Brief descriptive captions
[Start of Attachment]

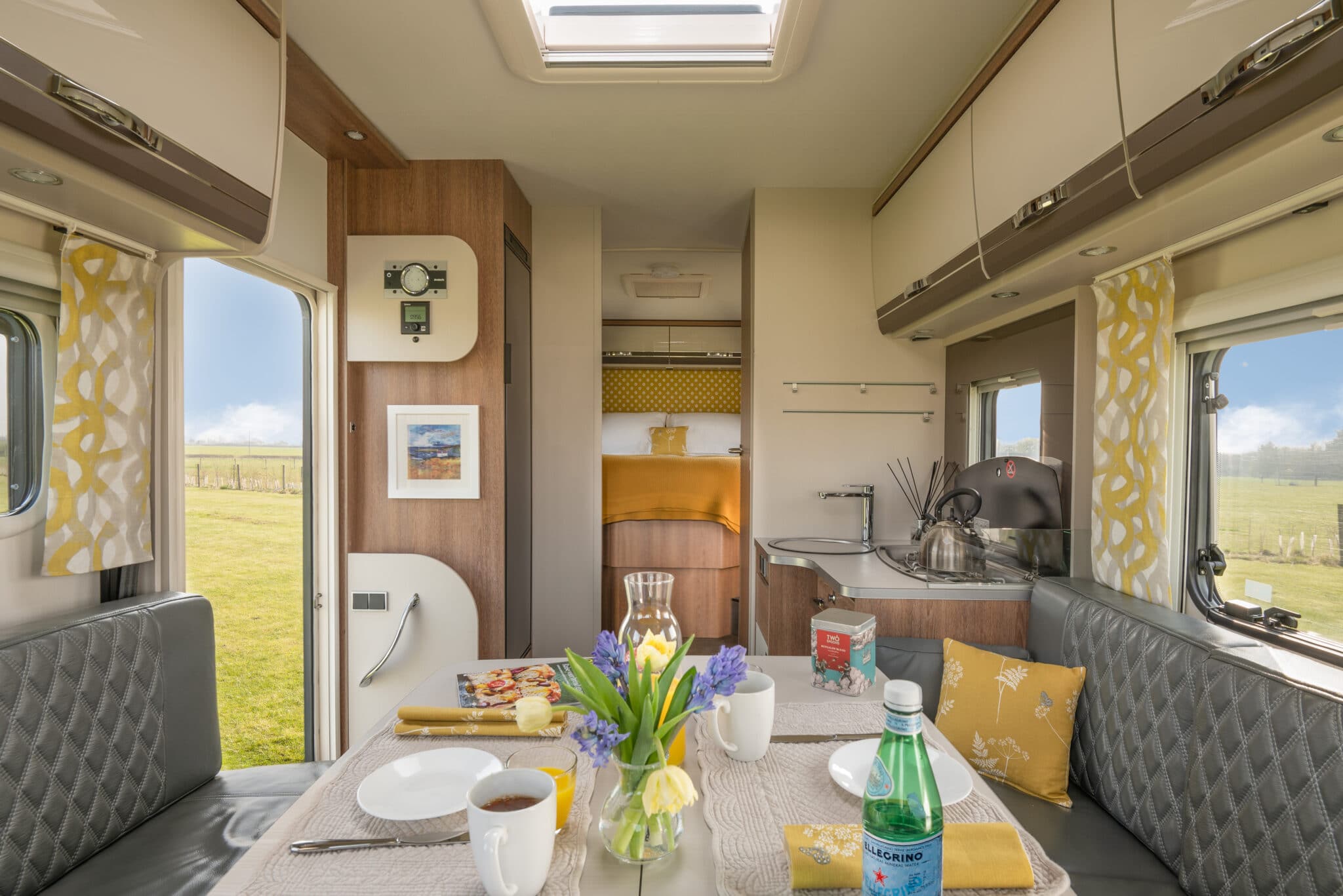 Glamper interior lounge and kitchen with dining table laid for breakfast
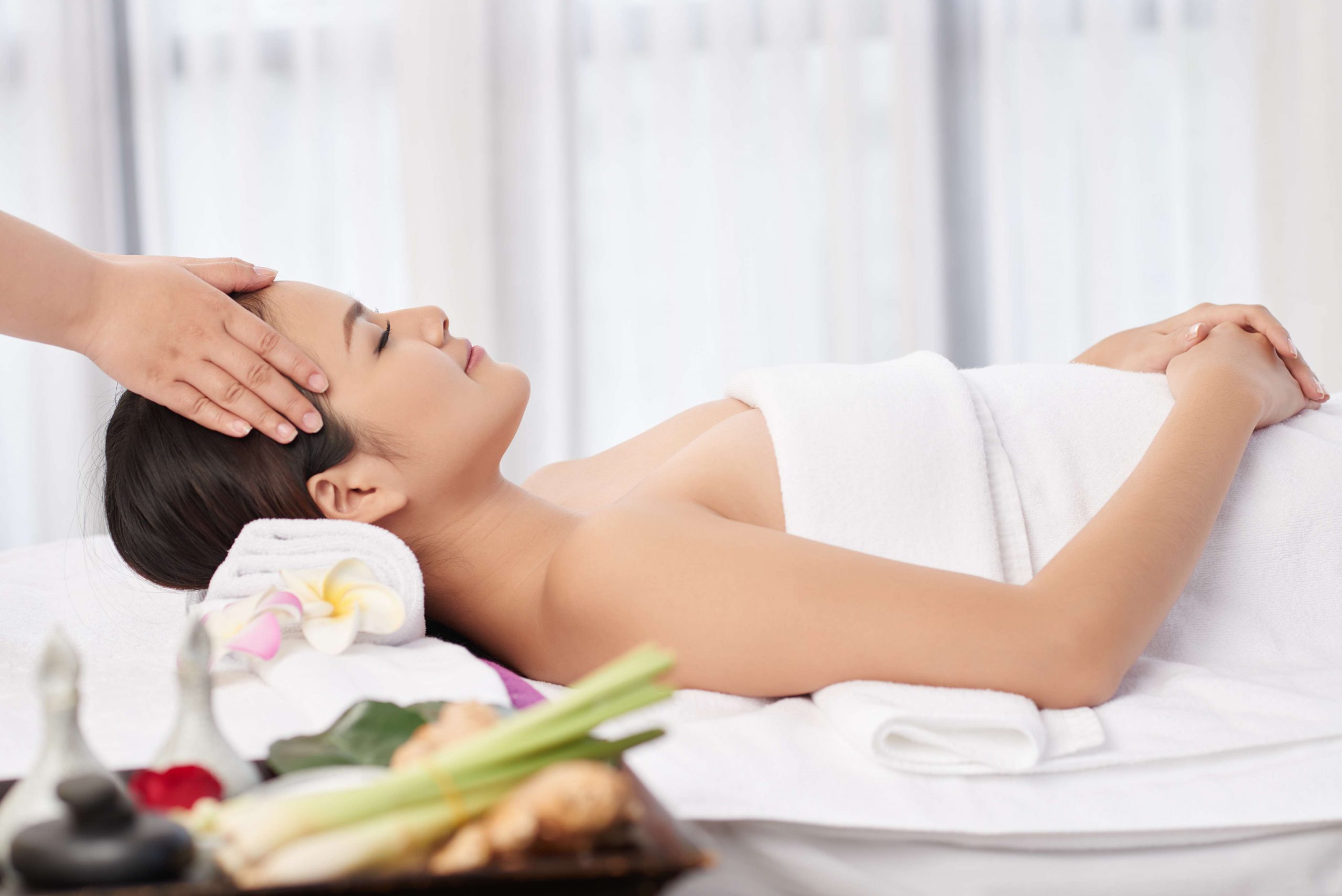 Smiling pretty young woman getting relaxing head massage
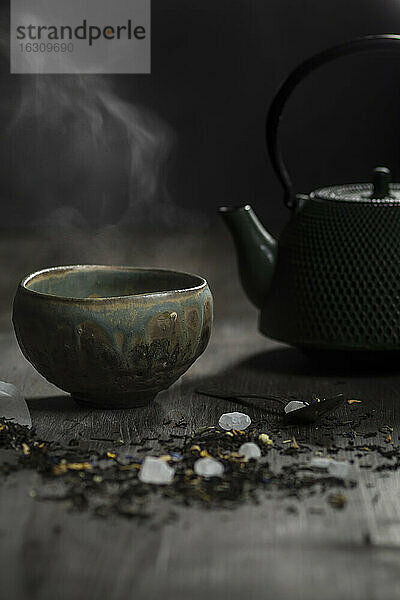 Japanische Teekanne und Schale mit Teeblättern auf Holztisch  Studioaufnahme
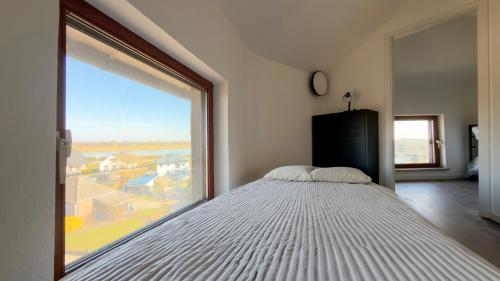 a bed in a room with a large window at Einzigartig übernachten im Wasserturm an der Elbe in Stelle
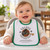 Laughing baby in a high chair wearing the Uranus Cropdusters terry bib with vintage biplane and green trim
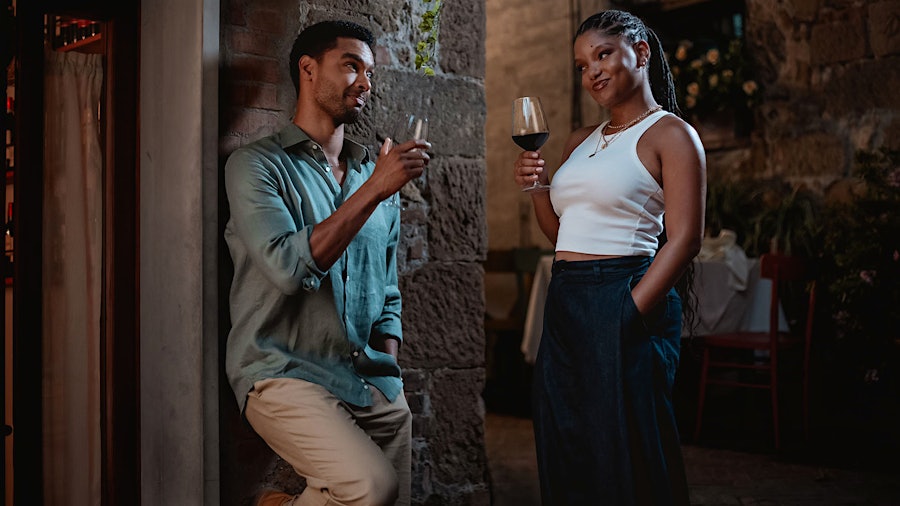 Wine tasting leads to sparks flying for Halle Bailey and Regé-Jean Page in <i>You, Me & Tuscany</i>.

[End of Attachment]

• **Work instruction**
Reproduce the data verbatim and omit each image.

• **Answer to the problem**
 Glamper interior lounge and kitchen with dining table laid for breakfast
 Smiling pretty young woman getting relaxing head massage
 Japanische Teekanne und Schale mit Teeblättern auf Holztisch  Studioaufnahme
 a bed in a room with a large window at Einzigartig übernachten im Wasserturm an der Elbe in Stelle
 Laughing baby in a high chair wearing the Uranus Cropdusters terry bib with vintage biplane and green trim
 Wine tasting leads to sparks flying for Halle Bailey and Regé-Jean Page in <i>You, Me & Tuscany</i>.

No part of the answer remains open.